I am completely new to Python but am currently doing some web scraping of some tables and I am trying to combine the 2 dataframes that I get into 1 csv file.
So lets say I have df_1 which looks like:
Rank | Team | Points |
---|---|---|
64 | AR Lit Rock | 35 |
102 | Abl Christian | 75 |
34 | Air Force | 45 |
And df_2 which looks like:
Rank | Team | Points |
---|---|---|
354 | AR Lit Rock | 46 |
284 | Abl Christian | 68 |
82 | Air Force | 42 |
(I have both dataframes being sorted by Team already) I am wanting to combine both of these into 1 csv file to eventually end up looking like:
Rank | Team | Points | Rank | Team | Points |
---|---|---|---|---|---|
64 | AR Lit Rock | 35 | 354 | AR Lit Rock | 46 |
102 | Abl Christian | 75 | 284 | Abl Christian | 68 |
34 | Air Force | 45 | 82 | Air Force | 42 |
or if at all possible to separate the 2 tables with a blank column inbetween:
a | b | c | d | e | f | g | h | |
---|---|---|---|---|---|---|---|---|
1 | 2 | 3 | 4 | 5 | 6 | 7 | 8 | |
1 | 2 | 3 | 4 | 5 | 6 | 7 | 8 |
I am looking at doing some calculations between the 2 tables within the csv at a later point and just want it to be more readable.
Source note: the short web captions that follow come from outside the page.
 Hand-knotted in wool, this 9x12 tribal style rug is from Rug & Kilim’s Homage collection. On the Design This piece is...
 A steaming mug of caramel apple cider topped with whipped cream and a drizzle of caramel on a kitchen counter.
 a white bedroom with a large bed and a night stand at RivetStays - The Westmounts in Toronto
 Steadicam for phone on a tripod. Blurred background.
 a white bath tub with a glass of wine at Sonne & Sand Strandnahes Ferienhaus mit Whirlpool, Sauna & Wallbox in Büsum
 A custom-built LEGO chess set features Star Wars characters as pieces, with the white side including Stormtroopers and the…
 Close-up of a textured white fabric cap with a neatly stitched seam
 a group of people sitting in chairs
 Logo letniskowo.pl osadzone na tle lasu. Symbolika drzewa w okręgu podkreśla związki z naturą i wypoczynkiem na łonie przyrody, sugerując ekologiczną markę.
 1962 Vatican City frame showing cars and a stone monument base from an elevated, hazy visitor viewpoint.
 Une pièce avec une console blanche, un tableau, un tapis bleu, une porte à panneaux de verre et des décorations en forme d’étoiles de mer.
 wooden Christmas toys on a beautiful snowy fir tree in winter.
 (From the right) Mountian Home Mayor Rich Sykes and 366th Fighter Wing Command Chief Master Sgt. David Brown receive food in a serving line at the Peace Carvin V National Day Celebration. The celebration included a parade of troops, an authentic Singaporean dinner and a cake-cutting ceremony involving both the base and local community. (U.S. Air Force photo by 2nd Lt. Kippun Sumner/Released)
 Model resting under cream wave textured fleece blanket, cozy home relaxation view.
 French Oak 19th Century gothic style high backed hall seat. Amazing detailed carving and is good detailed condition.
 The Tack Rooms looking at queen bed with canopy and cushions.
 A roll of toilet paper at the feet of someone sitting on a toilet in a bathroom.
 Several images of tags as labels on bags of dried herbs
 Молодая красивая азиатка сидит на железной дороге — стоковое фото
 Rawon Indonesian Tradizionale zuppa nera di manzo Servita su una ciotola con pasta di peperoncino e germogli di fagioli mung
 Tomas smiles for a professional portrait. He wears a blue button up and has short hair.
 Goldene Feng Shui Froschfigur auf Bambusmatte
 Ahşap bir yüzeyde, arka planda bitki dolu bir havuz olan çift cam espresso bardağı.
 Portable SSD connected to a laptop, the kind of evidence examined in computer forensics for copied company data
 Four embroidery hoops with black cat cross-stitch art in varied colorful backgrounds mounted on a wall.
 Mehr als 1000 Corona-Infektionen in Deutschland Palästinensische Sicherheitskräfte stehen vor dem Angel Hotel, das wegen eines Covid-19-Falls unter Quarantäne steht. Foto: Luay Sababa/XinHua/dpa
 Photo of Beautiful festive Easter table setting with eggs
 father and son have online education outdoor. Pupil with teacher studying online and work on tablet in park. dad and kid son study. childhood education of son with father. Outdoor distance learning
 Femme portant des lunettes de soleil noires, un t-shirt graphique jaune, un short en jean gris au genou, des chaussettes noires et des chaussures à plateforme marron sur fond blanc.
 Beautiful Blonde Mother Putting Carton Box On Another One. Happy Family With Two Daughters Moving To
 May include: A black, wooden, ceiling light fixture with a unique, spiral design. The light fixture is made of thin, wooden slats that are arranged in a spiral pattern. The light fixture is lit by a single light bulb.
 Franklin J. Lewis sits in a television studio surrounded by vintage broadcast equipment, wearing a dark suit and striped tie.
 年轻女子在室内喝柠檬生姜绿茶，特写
Since I am completely new to Python, this already may be a bad idea to have both tables in 1 csv file. If that is also the case, please let me know.
Currently I have both dataframes in their own respective objects and so far have only attempted concat.
df = pd.concat([df_1, df_2], axis=1)
This had kind of done what I want except the fact the I also have both dataframes sorted alphabetically based off of a certain column and then when they concat, the 1st dataframe is sorted and the 2nd gets sorted dependent on another value from the 1st dataframe. So end result looked like this instead:
Rank | Team | Points | Rank | Team | Points |
---|---|---|---|---|---|
64 | AR Lit Rock | 35 | 64 | Oregon | 57 |
102 | Abl Christian | 75 | 102 | Sac State | 81 |
34 | Air Force | 45 | 34 | Ark Pine Bl | 59 |
2nd dataframe getting added by Rank rather than acting independently.
(Sorry, had trouble making sample tables)
I have added a little snippet of what the current csv looks like after putting both dataframes into the csv. Both dataframes are sorted alphabetically by the Team name initially, but when the 2nd dataframe gets added it gets sorted by the Rank from the 1st dataframe.
UPDATE (edited code from Soroosh to better show the issue)
import pandas as pd
data1 = {
'Rank': [64, 102, 34,],
'Team': ["AR Lit Rock", "Abl Christian", "Air Force",],
'Points': [35, 75, 45,],
}
data2 = {
'Rank': [354, 284, 82,],
'Team': ["Air Force", "Abl Christian", "AR Lit Rock",],
'Points': [46, 68, 42,],
}
df_1 = pd.DataFrame(data1)
df_2 = pd.DataFrame(data2)
df_1 = df_1.sort_values('Team')
df_2 = df_2.sort_values('Team')
data_blk = {
"Blank": [""]*len(df_1["Rank"]),
}
df_blk = pd.DataFrame(data_blk)
new_df = pd.concat([df_1, df_blk], axis=1)
new_df = pd.concat([new_df, df_2], axis=1)
print(new_df.head())
I take 2 unsorted tables, sort by the Team column, and then both dataframes to stay sorted by that Team column when concat the dataframes.